Daniel Franks and Volker Boege

Dr Daniel Franks and Dr Volker Boege are currently researching the relationship between extractive resources, conflict and governance, and the implications for advancing the Responsibility to protect in the Asia Pacific region. The research is funded by the Australian Responsibility to protect Fund, Commonwealth Department of Foreign Affairs and Trade, and administered by the Asia-Pacific Centre for the Responsibility to protect. Follow Dr Franks on Twitter @resourceafflict.

Responding to mass atrocity crimes in resource endowed regions raises difficult questions about natural resource sovereignty.

As the Libyan regime has been dishing out a particularly despicable form of repression to quell a civilian uprising the United Nations Security Council has has now acted on the basis that the government of Libya has not met its ‘responsibility to protect’ its civilian  population from mass atrocity crimes.

This is the first occasion that the United Nations Security Council has invoked the doctrine of the 'responsibility to protect' in its response to an international crisis. The ‘responsibility to protect’ (R2P) is a norm that has emerged following the failure of the international community to effectively respond to the deplorable mass atrocities that occurred in conflicts such as Cambodia and Rwanda. The concept is juxtaposed against the doctrine of humanitarian intervention - the so-called 'right' to intervene - which is argued by many states to present an unjustifiable challenge to national sovereignty.

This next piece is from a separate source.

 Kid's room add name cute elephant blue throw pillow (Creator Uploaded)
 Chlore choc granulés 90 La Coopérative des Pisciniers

The responsibility to protect places the onus on states to protect their citizens from the most extreme of crimes (genocide, war crimes, crimes against humanity and ethnic cleansing) and obliges the international community to assist states to build their capacity to do so. Should both of these manifestly fail the international community has the responsibility to progressively intervene through a wide range of approaches from diplomacy and sanctions, to the march of peacekeeping boots.

But there are challenging issues that arise in resource endowed regions when the prospect of international intervention is raised. While the responsibility to protect citizens from mass atrocity crimes is one that sits with the Libyan state, the broader application of R2P imposes an additional as yet unrecognised responsibility on the UN Security Council and the international community more generally to ensure that whatever response is adopted, the natural resource endowment of Libya remains in the control of her citizens.

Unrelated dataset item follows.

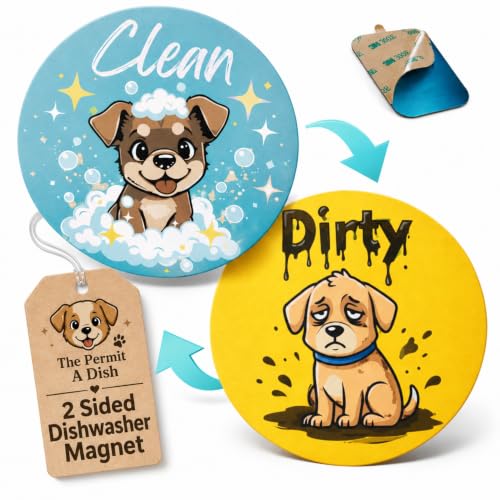 Dog Mom Dishwasher Magnet - Clean Dirty Sign for Dog Lovers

The example of Iraq provides a stark case of the legitimacy lost when the spoils of war are divided amongst those who have intervened. While the R2P norm is not encumbered with the indignity of being invoked in the Iraq case there is a justifiable reticence that many states have to the suspension of sovereignty even for the noble goal of ending mass atrocity crimes. (…)

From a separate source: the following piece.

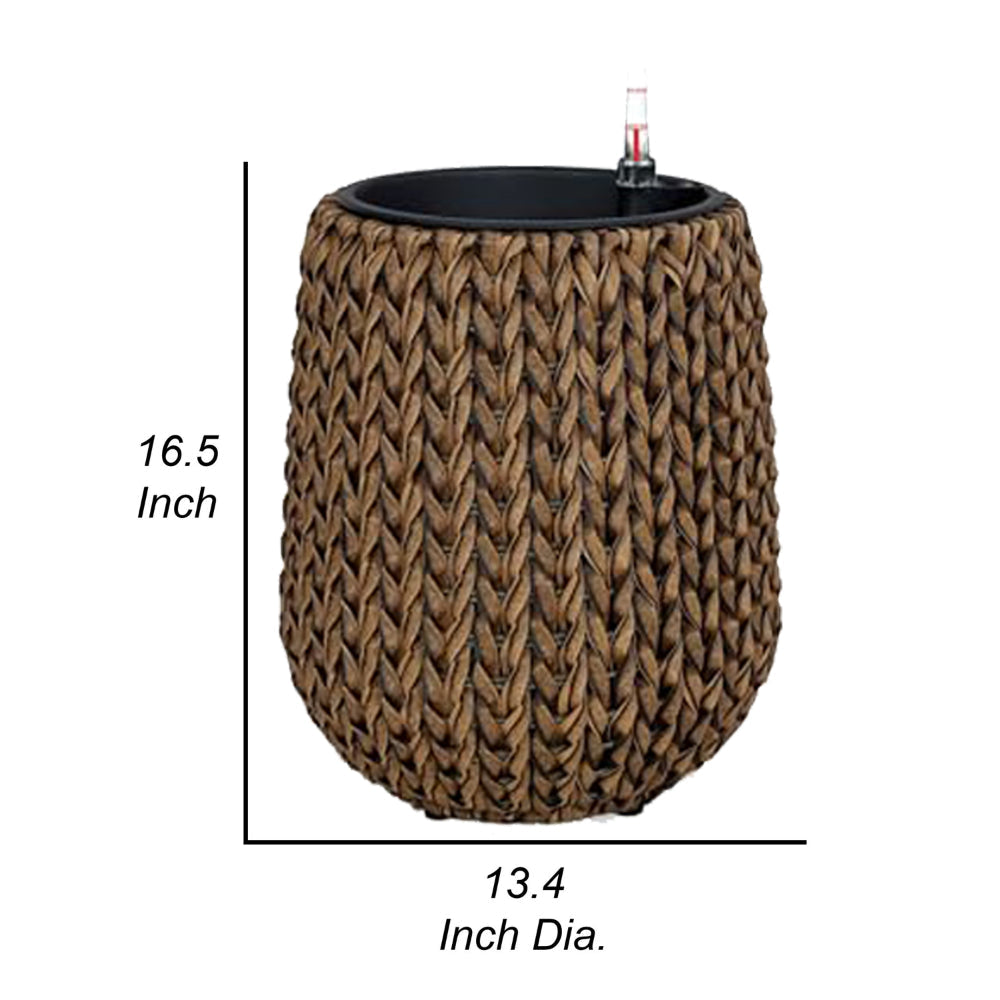 Wiki 17 Inch Self Watering Planter Handwoven Rattan Wicker Natural By Casagear Home BM314479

(…) There are many cases (such as Sudan, Liberia, Bougainville and Sierra Leone) where extractive resources have generated and fuelled conflicts where mass atrocity crimes have featured. In each of these cases the natural resources dimension has had a role to play in the resolution of the conflict.

There is also the potential for extractive resources to create pressures on the strategic decision-making of those in a position to respond to mass atrocity crimes. Speaking following a meeting of the G8 on Tuesday Col Gaddafi is reported to have said: "We don't trust their ambassadors any more, they have conspired against us...We don't trust their firms. We are going to invest in Russia, India and China now. That's where our money is going to be invested. Oil contracts will now go to Russian, Chinese and Indian firms.(…)

(…) The case of Libya will be different. But the oil question is just too important to be omitted. If left unresolved it has the potential to erode the legitimacy of international strategies to curb the most extreme forms of mass violence. The ‘suspension’ of sovereignty in order to protect citizens from atrocities in Libya must not be accompanied by the violation of the resource sovereignty endowed in the people of that state. Should this be the case support for the responsibility to protect norm will be undermined, as local opinion--and indeed resistance-- may coalesce around the action as a form of resource appropriation rather than an effort to curtail atrocity crimes.